▶ _Provided records_
--------------------------------------------------
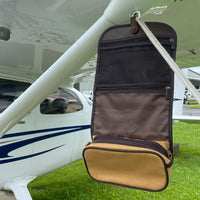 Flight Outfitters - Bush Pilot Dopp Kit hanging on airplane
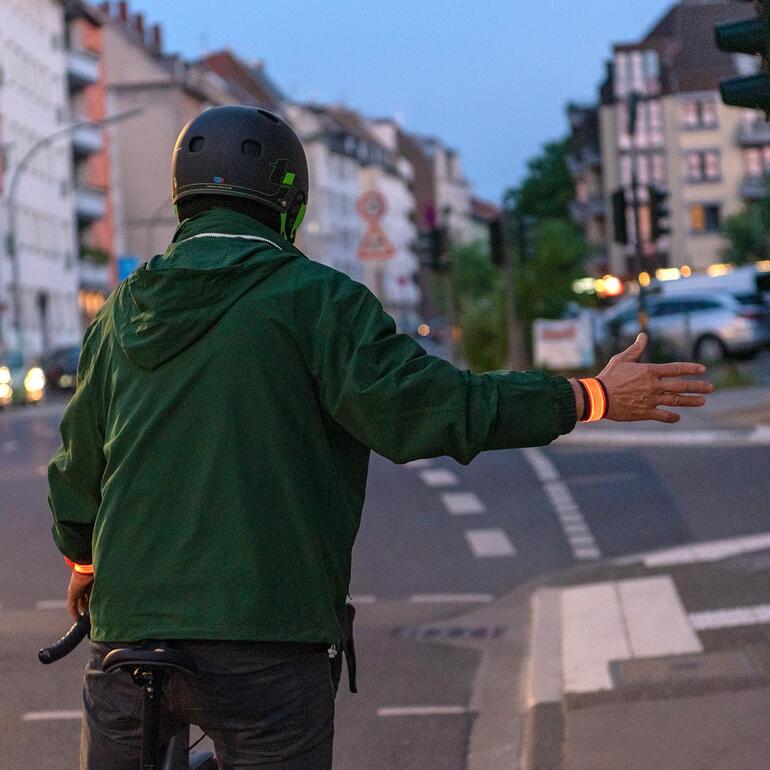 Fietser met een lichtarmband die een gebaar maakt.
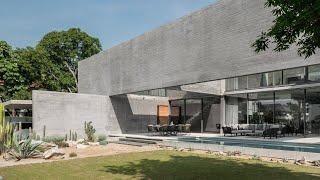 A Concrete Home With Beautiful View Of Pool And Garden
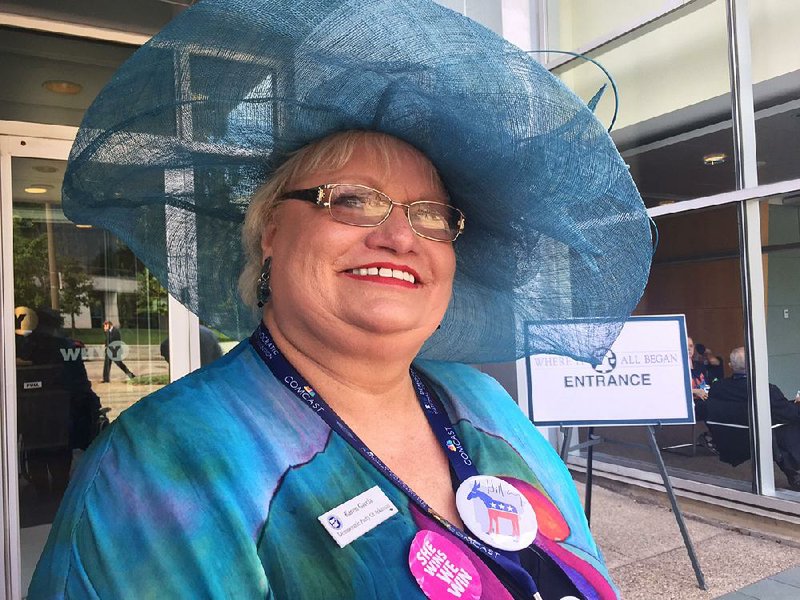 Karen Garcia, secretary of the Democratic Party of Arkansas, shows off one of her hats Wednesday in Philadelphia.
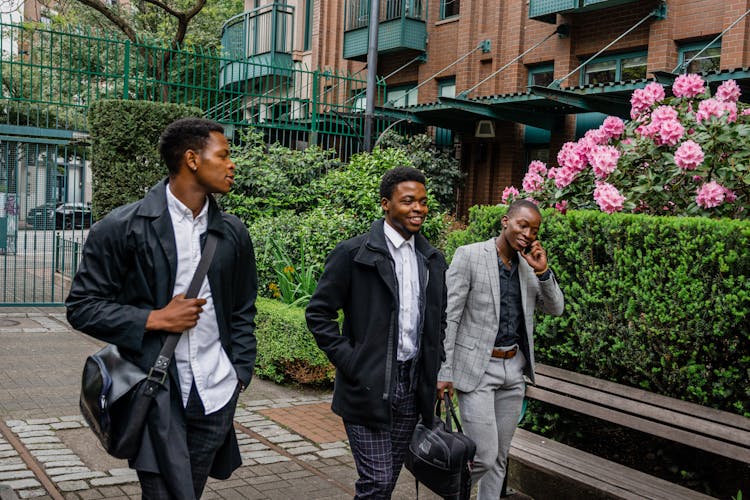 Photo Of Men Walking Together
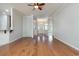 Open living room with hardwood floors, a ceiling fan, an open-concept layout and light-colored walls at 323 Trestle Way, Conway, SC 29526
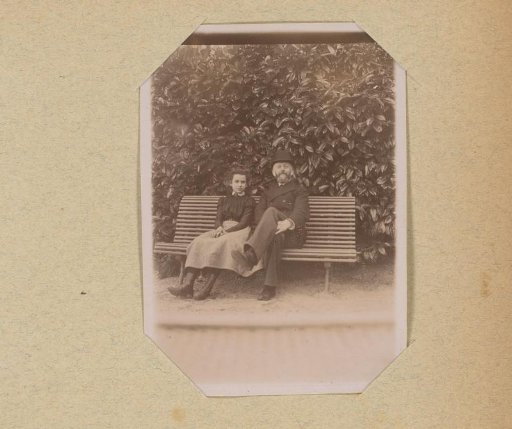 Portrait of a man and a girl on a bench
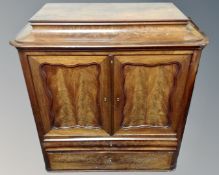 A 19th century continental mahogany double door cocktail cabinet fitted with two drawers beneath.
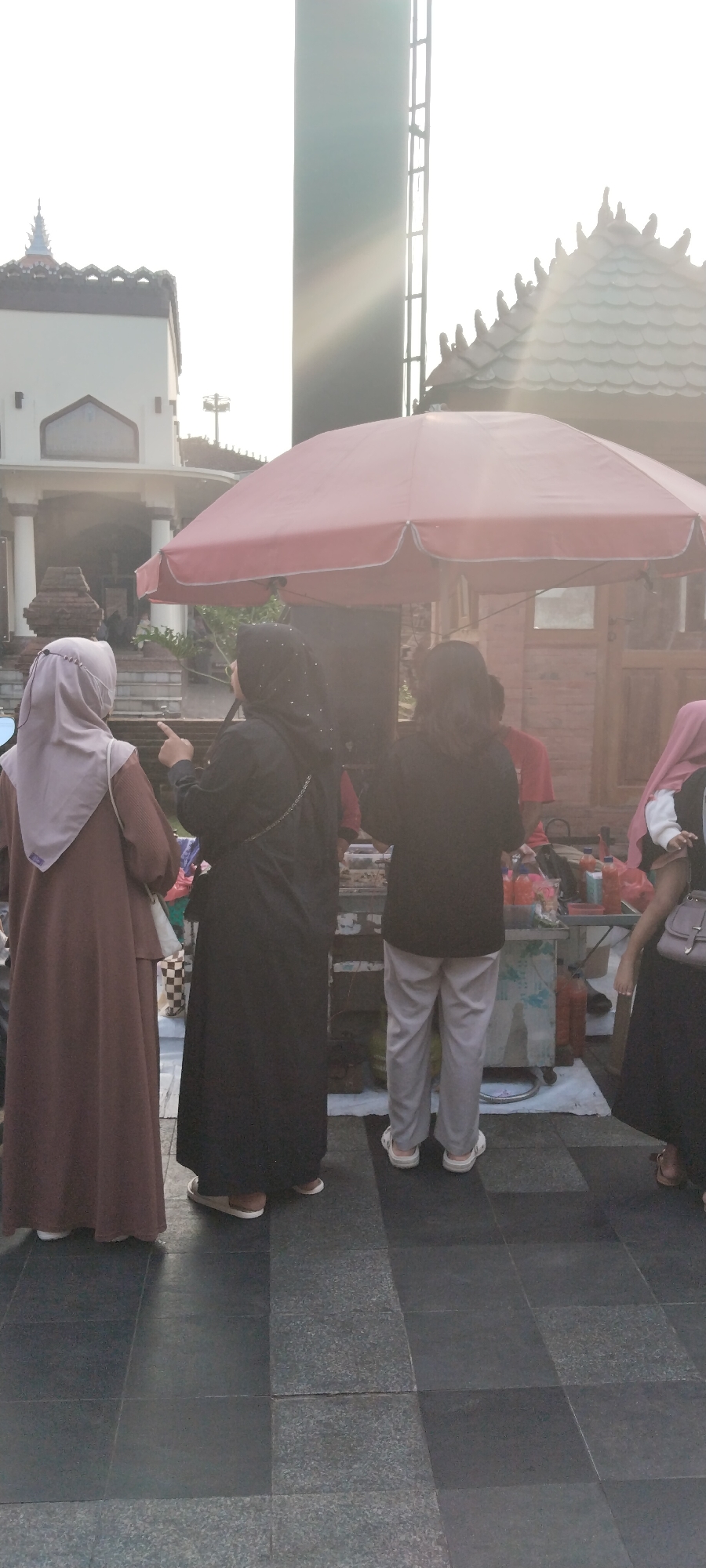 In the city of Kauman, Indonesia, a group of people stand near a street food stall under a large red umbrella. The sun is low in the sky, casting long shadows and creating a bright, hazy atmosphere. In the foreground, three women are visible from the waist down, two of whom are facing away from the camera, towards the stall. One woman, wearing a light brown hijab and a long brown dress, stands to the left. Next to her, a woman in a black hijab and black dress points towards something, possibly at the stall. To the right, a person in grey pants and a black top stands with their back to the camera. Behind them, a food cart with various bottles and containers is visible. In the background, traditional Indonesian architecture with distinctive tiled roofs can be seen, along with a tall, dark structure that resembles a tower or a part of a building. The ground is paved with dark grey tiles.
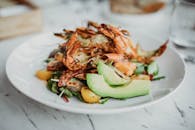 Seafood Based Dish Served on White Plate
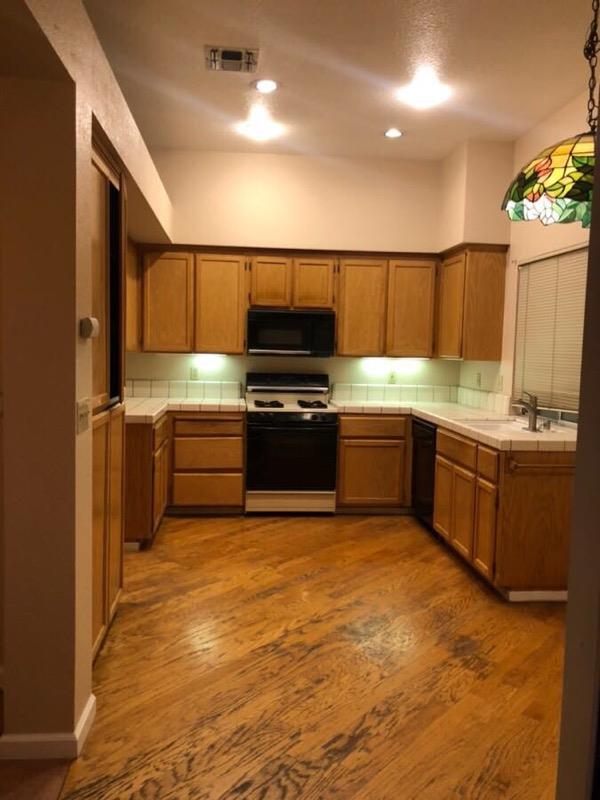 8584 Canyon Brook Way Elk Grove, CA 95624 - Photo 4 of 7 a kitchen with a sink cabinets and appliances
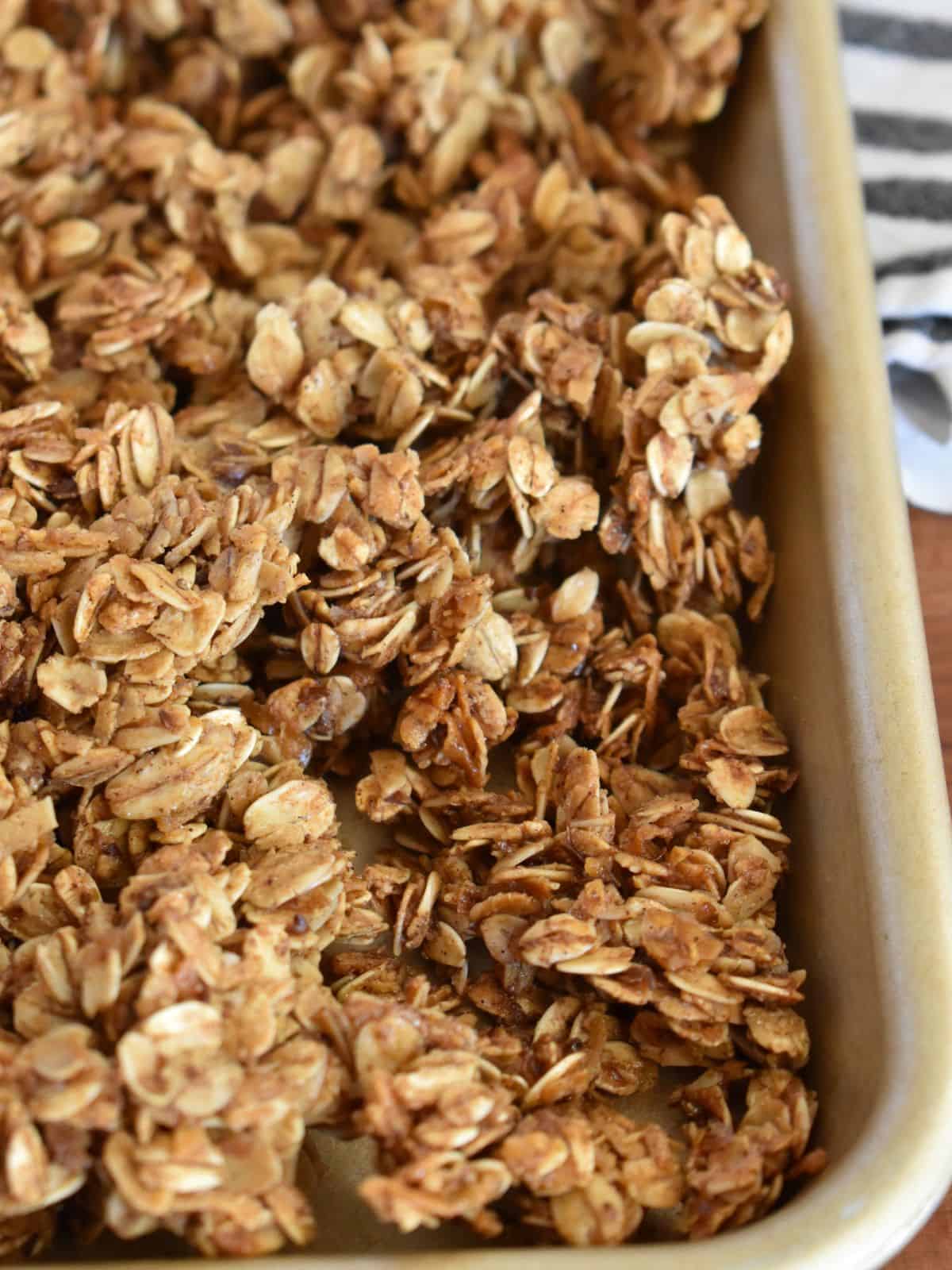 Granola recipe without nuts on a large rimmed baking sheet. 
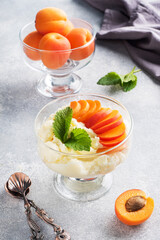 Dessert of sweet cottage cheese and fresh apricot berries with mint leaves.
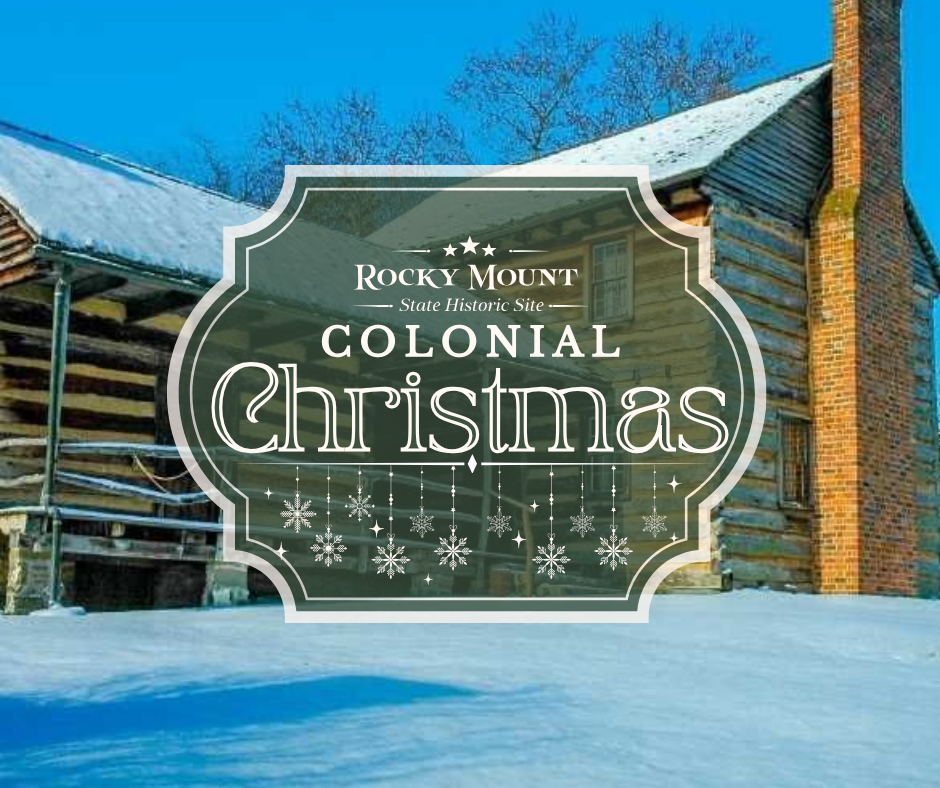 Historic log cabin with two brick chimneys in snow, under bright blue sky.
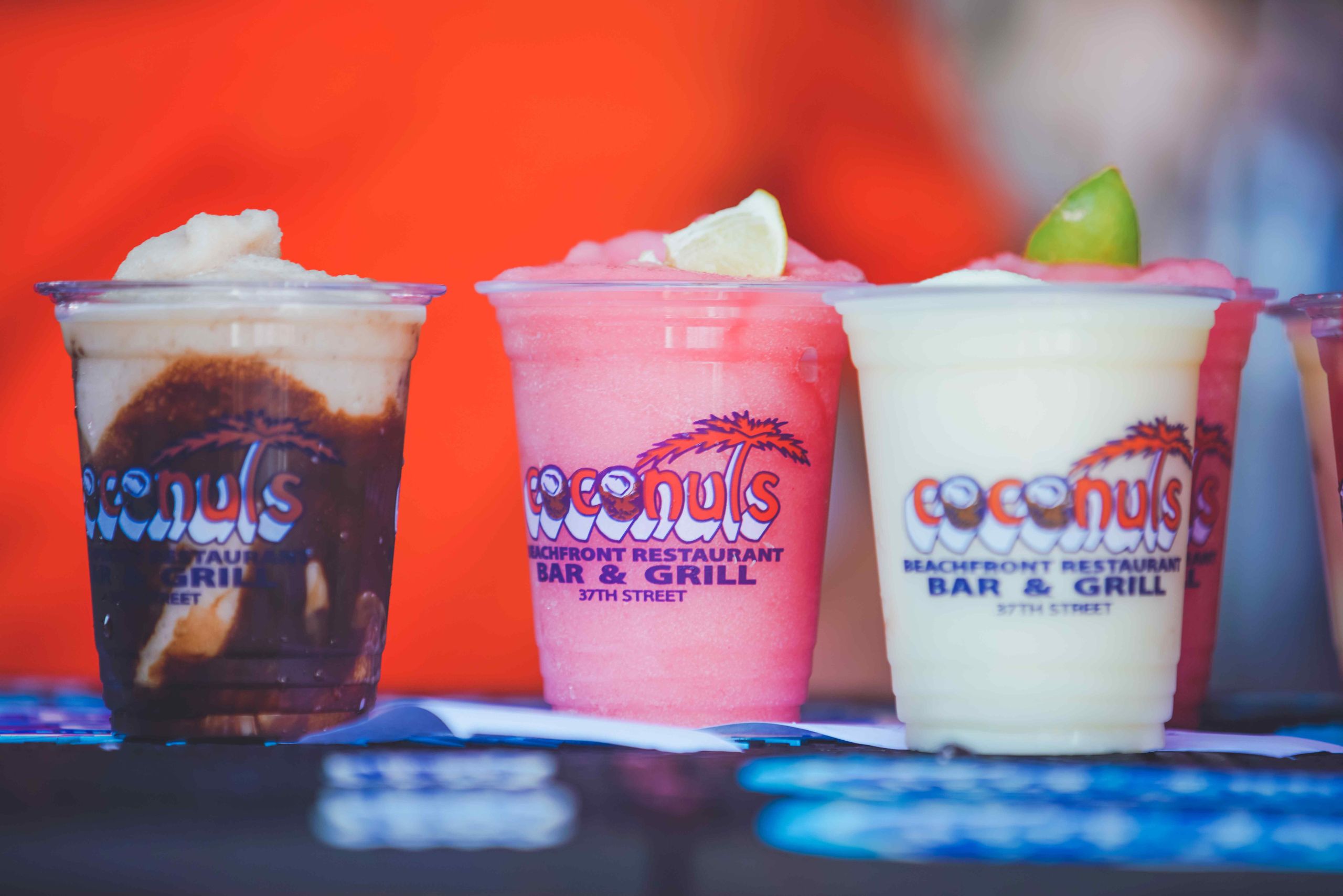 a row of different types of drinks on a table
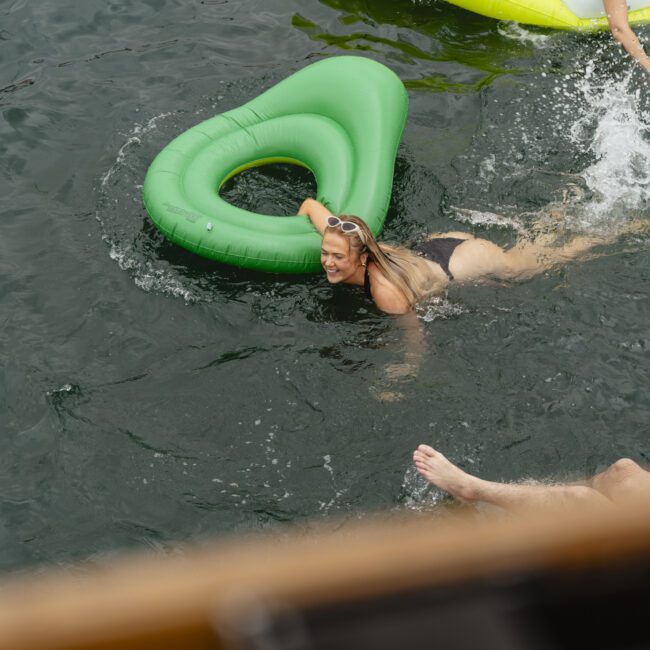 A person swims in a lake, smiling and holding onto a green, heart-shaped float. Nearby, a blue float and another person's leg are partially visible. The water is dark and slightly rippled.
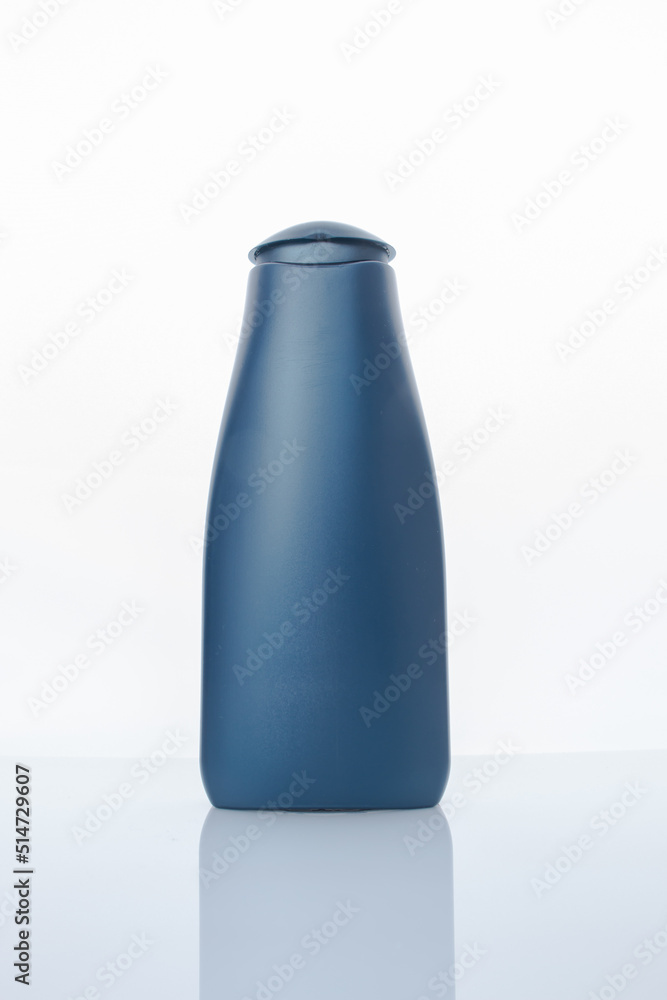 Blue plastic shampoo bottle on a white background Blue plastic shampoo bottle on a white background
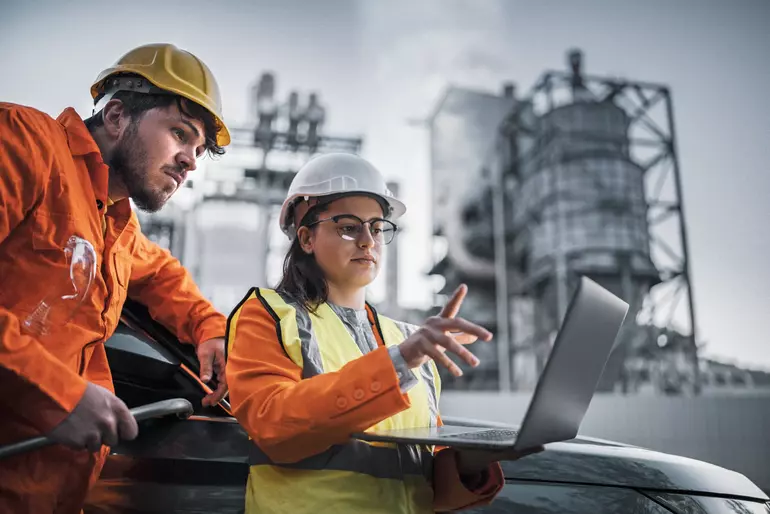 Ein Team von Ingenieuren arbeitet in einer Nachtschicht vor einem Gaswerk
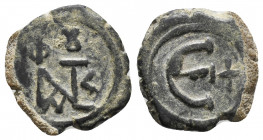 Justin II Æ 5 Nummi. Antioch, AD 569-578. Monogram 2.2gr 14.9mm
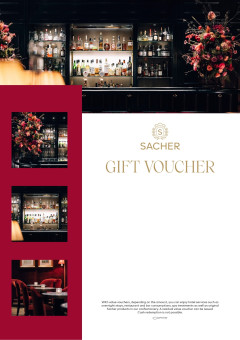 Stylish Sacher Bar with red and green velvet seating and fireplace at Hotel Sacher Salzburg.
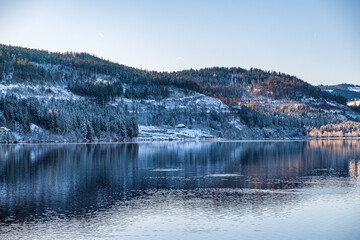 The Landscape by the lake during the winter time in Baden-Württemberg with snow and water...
--------------------------------------------------
▶ _Action item_
The output should be the material above, copied exactly, without its pictures.

▶ _Written solution_
 Flight Outfitters - Bush Pilot Dopp Kit hanging on airplane
 Fietser met een lichtarmband die een gebaar maakt.
 A Concrete Home With Beautiful View Of Pool And Garden
 Karen Garcia, secretary of the Democratic Party of Arkansas, shows off one of her hats Wednesday in Philadelphia.
 Photo Of Men Walking Together
 Open living room with hardwood floors, a ceiling fan, an open-concept layout and light-colored walls at 323 Trestle Way, Conway, SC 29526
 Portrait of a man and a girl on a bench
 A 19th century continental mahogany double door cocktail cabinet fitted with two drawers beneath.
 In the city of Kauman, Indonesia, a group of people stand near a street food stall under a large red umbrella. The sun is low in the sky, casting long shadows and creating a bright, hazy atmosphere. In the foreground, three women are visible from the waist down, two of whom are facing away from the camera, towards the stall. One woman, wearing a light brown hijab and a long brown dress, stands to the left. Next to her, a woman in a black hijab and black dress points towards something, possibly at the stall. To the right, a person in grey pants and a black top stands with their back to the camera. Behind them, a food cart with various bottles and containers is visible. In the background, traditional Indonesian architecture with distinctive tiled roofs can be seen, along with a tall, dark structure that resembles a tower or a part of a building. The ground is paved with dark grey tiles.
 Seafood Based Dish Served on White Plate
 8584 Canyon Brook Way Elk Grove, CA 95624 - Photo 4 of 7 a kitchen with a sink cabinets and appliances
 Granola recipe without nuts on a large rimmed baking sheet. 
 Dessert of sweet cottage cheese and fresh apricot berries with mint leaves.
 Historic log cabin with two brick chimneys in snow, under bright blue sky.
 a row of different types of drinks on a table
 A person swims in a lake, smiling and holding onto a green, heart-shaped float. Nearby, a blue float and another person's leg are partially visible. The water is dark and slightly rippled.
 Blue plastic shampoo bottle on a white background Blue plastic shampoo bottle on a white background
 Ein Team von Ingenieuren arbeitet in einer Nachtschicht vor einem Gaswerk
 Justin II Æ 5 Nummi. Antioch, AD 569-578. Monogram 2.2gr 14.9mm
 Stylish Sacher Bar with red and green velvet seating and fireplace at Hotel Sacher Salzburg.
 The Landscape by the lake during the winter time in Baden-Württemberg with snow and water...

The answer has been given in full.